◆ **The task**: Omit the images and return the remaining entries unchanged.

◆ **Data records**:
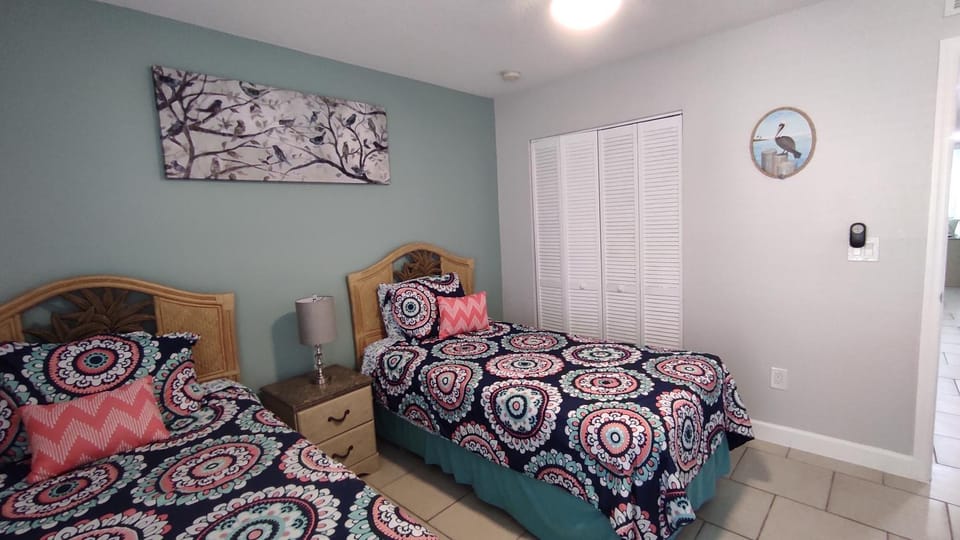 2BR / 2BA Apartment Sienna Park. Apartment in Gulf Gate Estates
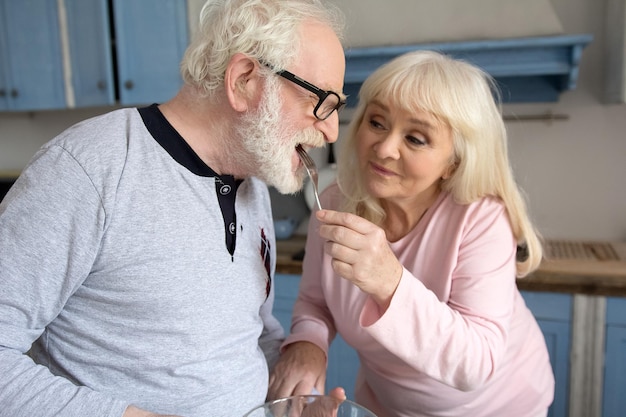 Photo gratuite concept de soin et de dévotion, bonheur de la vie de famille, amour pour la vie, vieillesse heureuse, deuxième jeunesse, le bonheur est toujours possible, tous les âges sont soumis à l'amour.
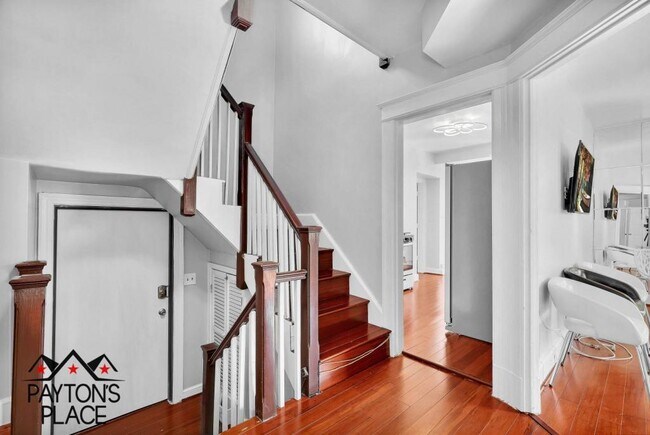 Building Photo - 4820 13th St NW #2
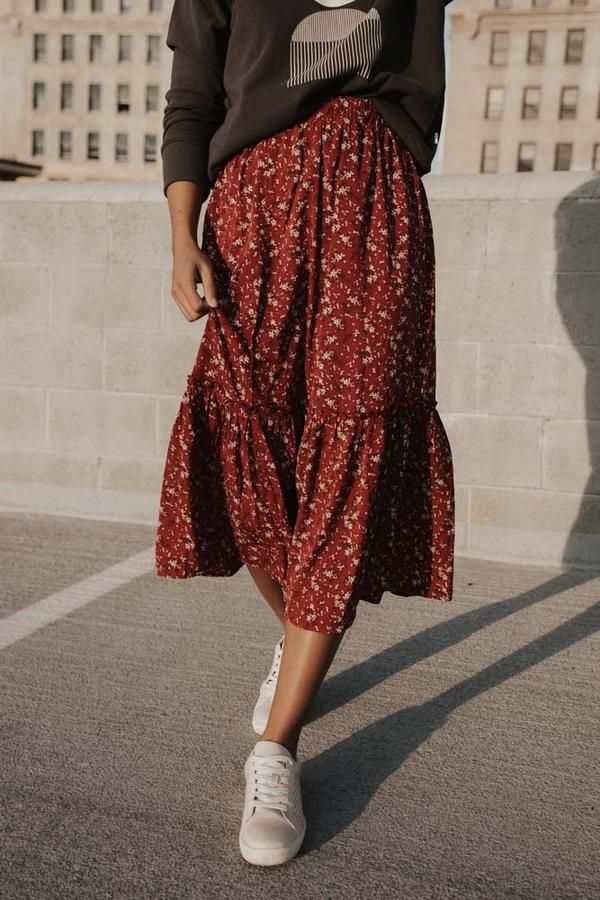 Flattering Ways to Style Midi Skirts for Any Occasion
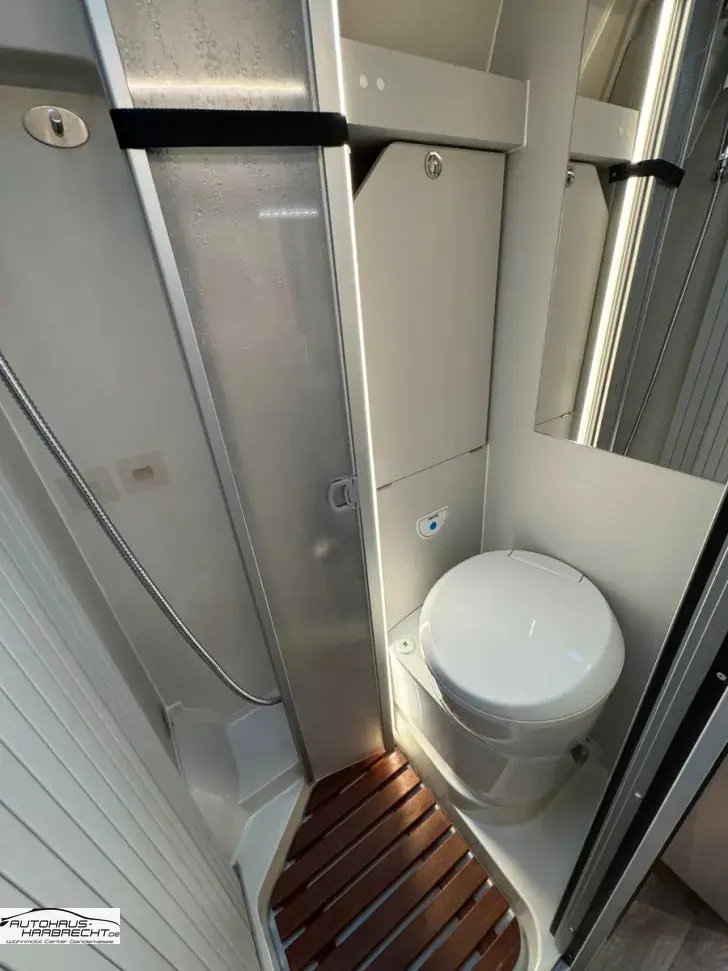 Fahrzeugbild Ahorn Camp Van 550-Allwetter-Solar-Radtr.-Küche #29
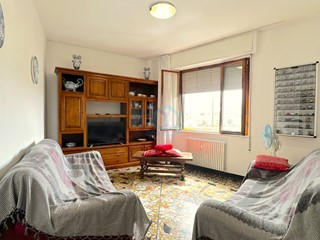 Appartamento in Vendita a Savona, 120'000€, 86 m²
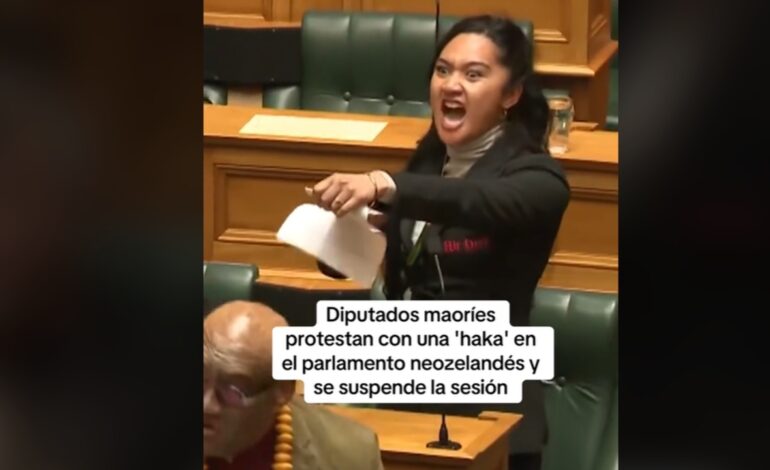 Diputados neozelandeses protestan en el Parlamento por sus derechos bailando ‘haka’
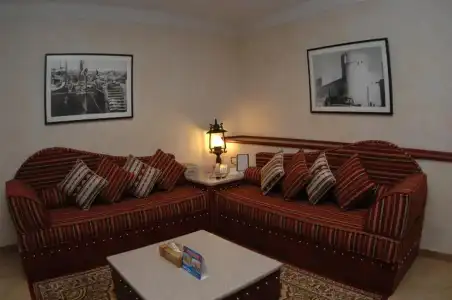 Al Liwan Suites - 83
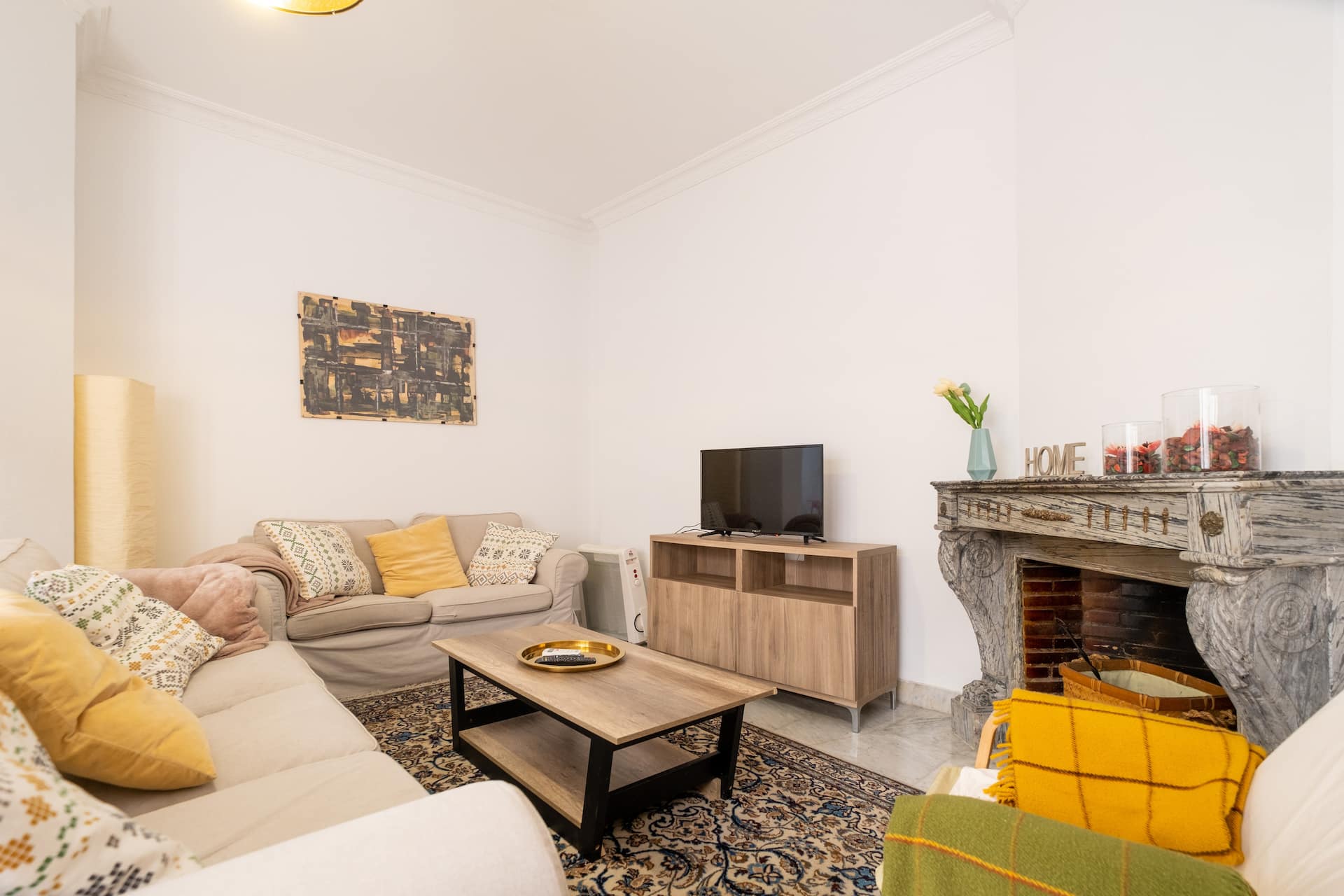 Historic District Museum, Family Apartment in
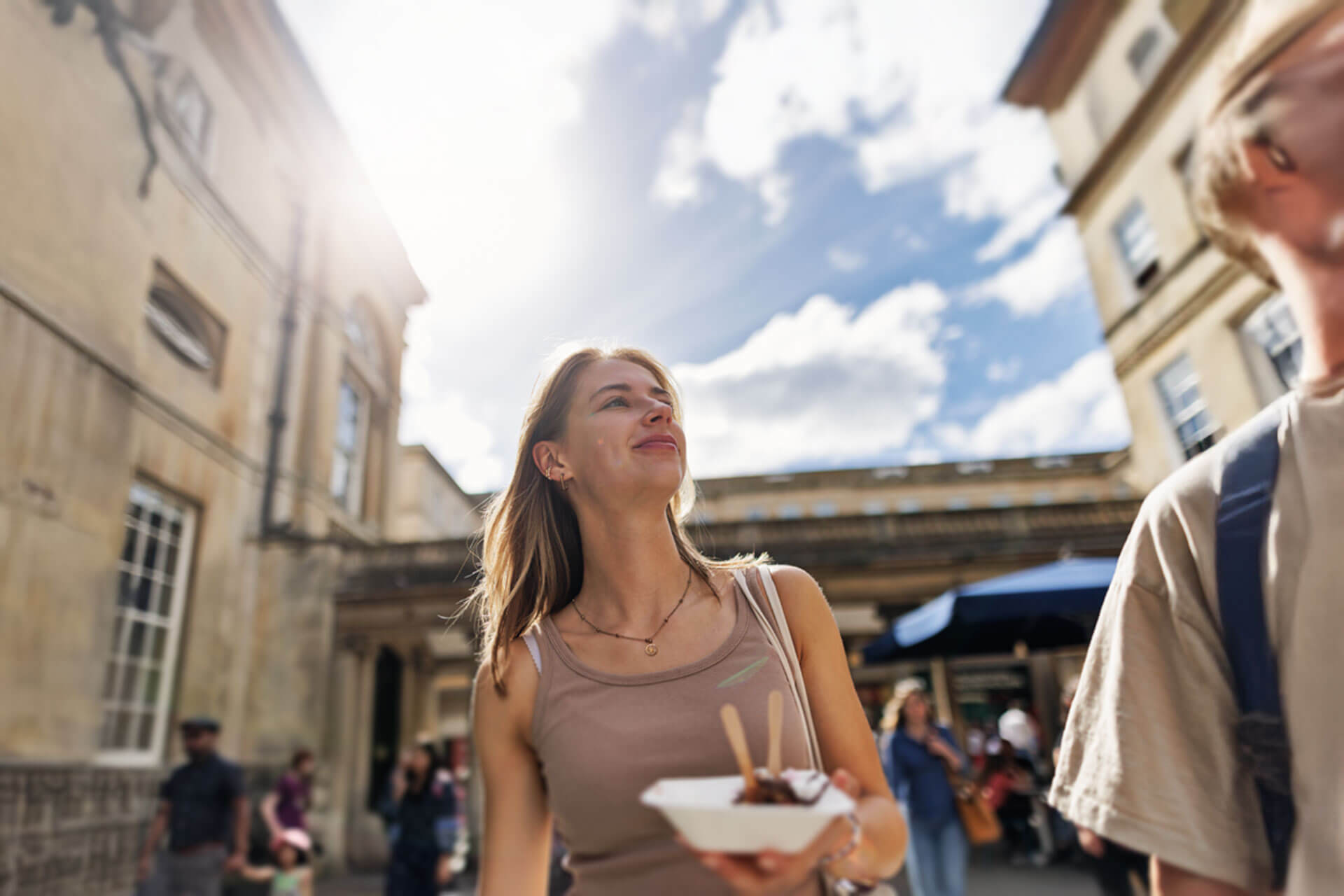 Teilnehmerin genießt Stadtbummel während der Sprachreise, Small Talk auf Englisch üben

◆ **Problem solution**:
 2BR / 2BA Apartment Sienna Park. Apartment in Gulf Gate Estates
 Photo gratuite concept de soin et de dévotion, bonheur de la vie de famille, amour pour la vie, vieillesse heureuse, deuxième jeunesse, le bonheur est toujours possible, tous les âges sont soumis à l'amour.
 Building Photo - 4820 13th St NW #2
 Flattering Ways to Style Midi Skirts for Any Occasion
 Fahrzeugbild Ahorn Camp Van 550-Allwetter-Solar-Radtr.-Küche #29
 Appartamento in Vendita a Savona, 120'000€, 86 m²
 Diputados neozelandeses protestan en el Parlamento por sus derechos bailando ‘haka’
 Al Liwan Suites - 83
 Historic District Museum, Family Apartment in
 Teilnehmerin genießt Stadtbummel während der Sprachreise, Small Talk auf Englisch üben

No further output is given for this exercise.